→ **Exercise description**
Go through the data below and transcribe it exactly. Omit the images.

(Web page caption snippets)
----------------------------------------

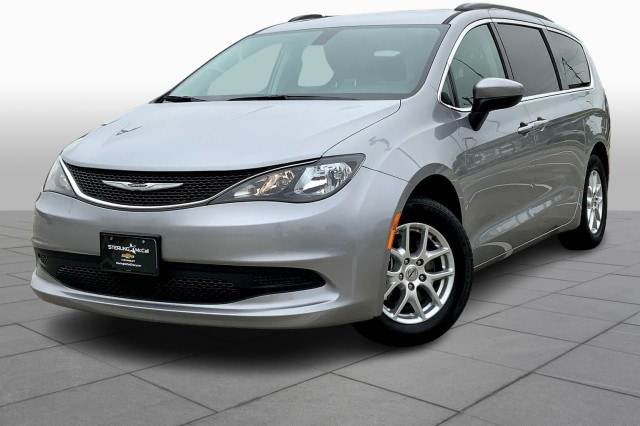 2021 Chrysler Voyager's photo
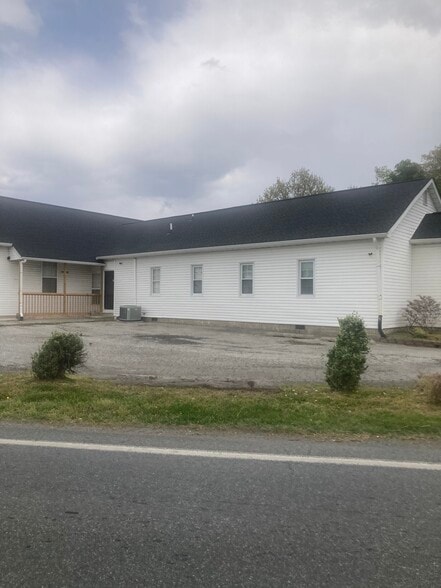 More Photos Of 807 Hazlettville Rd, Hartly Religious Facility For Sale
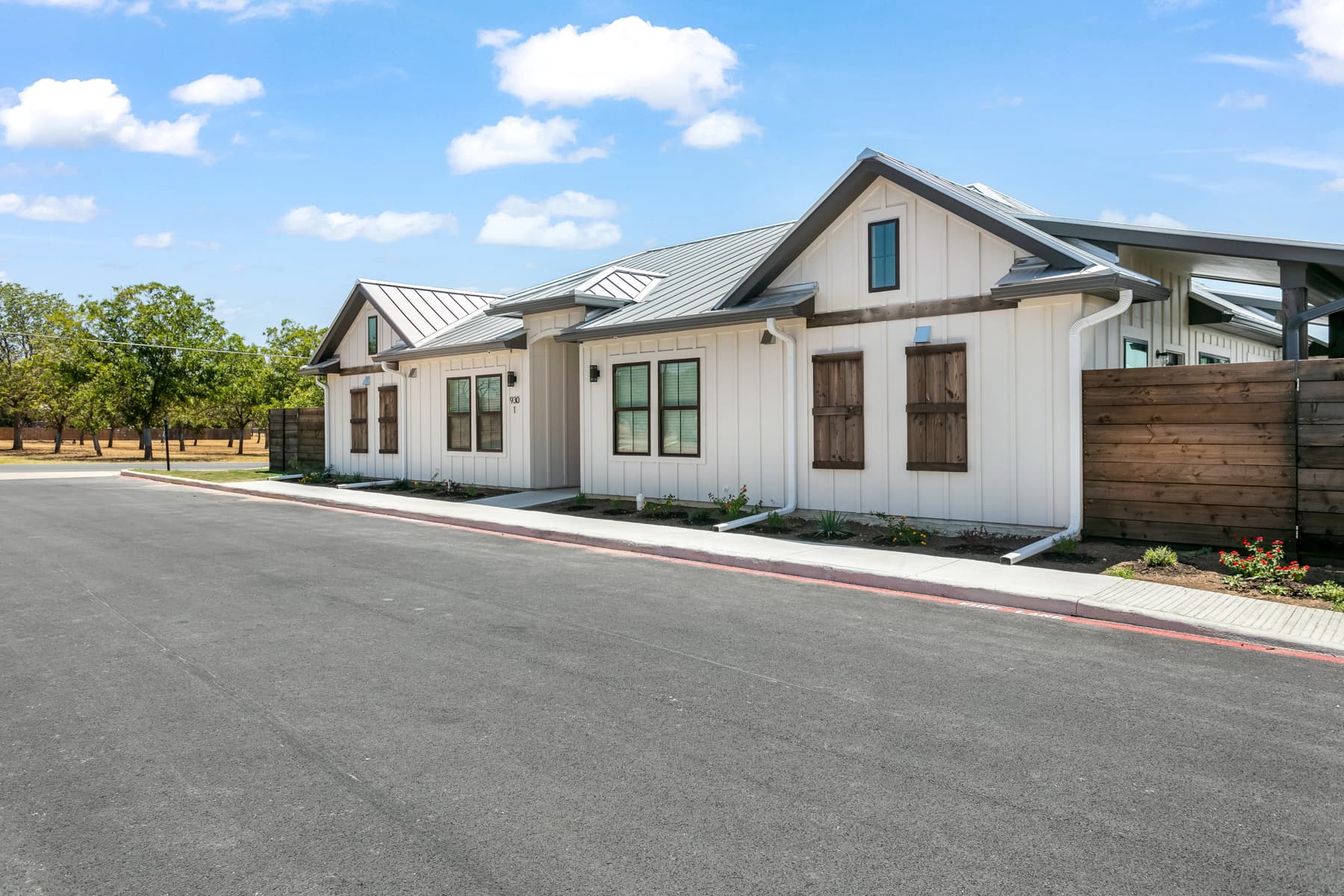 Rise and Wine Home - Image 11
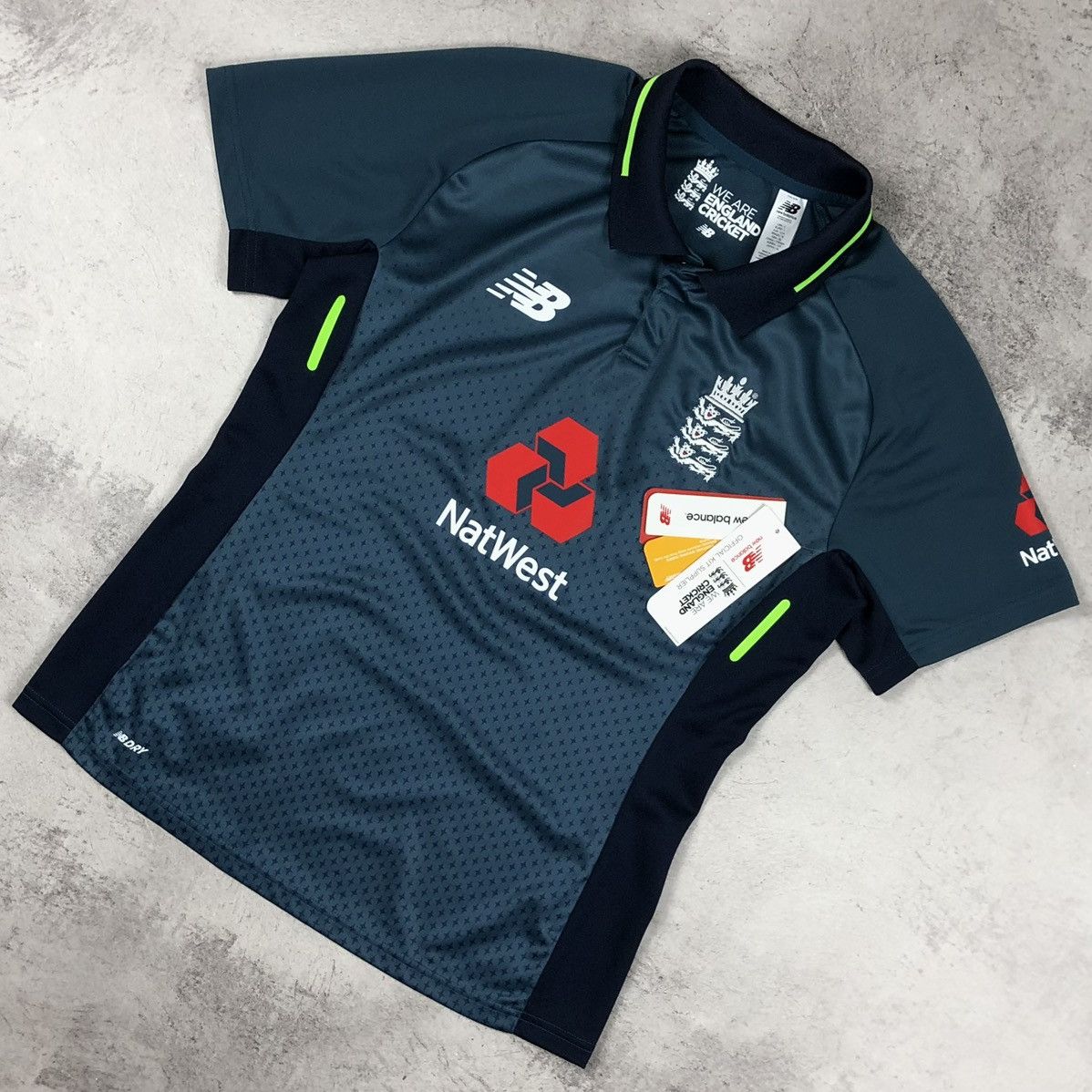 New Balance England Cricket ODI 2018-2019 New Balance WM Polo Jersey Size L / US 10 / IT 46 - 4 Thumbnail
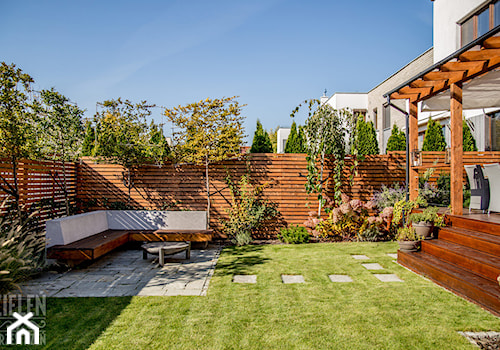 Ogród z małą architekturą - realizacja - Średni ogród za domem, styl nowoczesny - zdjęcie od Zieleń i Przestrzeń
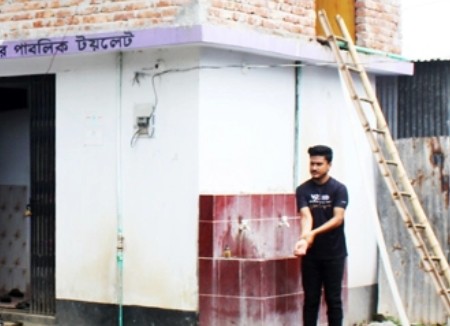 পাবলিক টয়লেটের ওপর বসতঘর! - Natun Sylhet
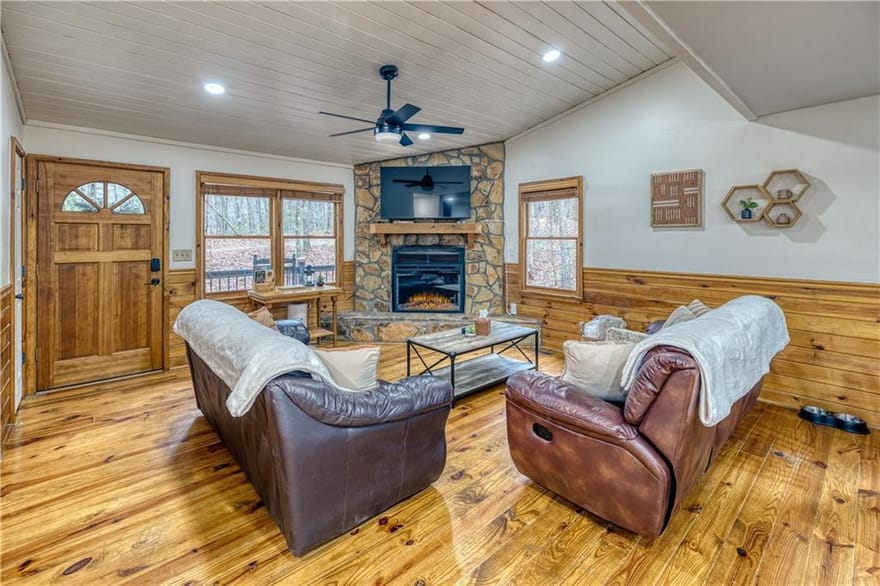 357 Mystic Lane, Blue Ridge, Georgia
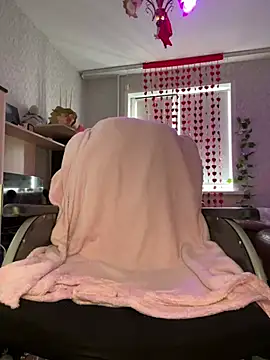 MiniSophiaa online show from 03.18.25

----------------------------------------

→ **Your solution**
 2021 Chrysler Voyager's photo
 More Photos Of 807 Hazlettville Rd, Hartly Religious Facility For Sale
 Rise and Wine Home - Image 11
 New Balance England Cricket ODI 2018-2019 New Balance WM Polo Jersey Size L / US 10 / IT 46 - 4 Thumbnail
 Ogród z małą architekturą - realizacja - Średni ogród za domem, styl nowoczesny - zdjęcie od Zieleń i Przestrzeń
 পাবলিক টয়লেটের ওপর বসতঘর! - Natun Sylhet
 357 Mystic Lane, Blue Ridge, Georgia
 MiniSophiaa online show from 03.18.25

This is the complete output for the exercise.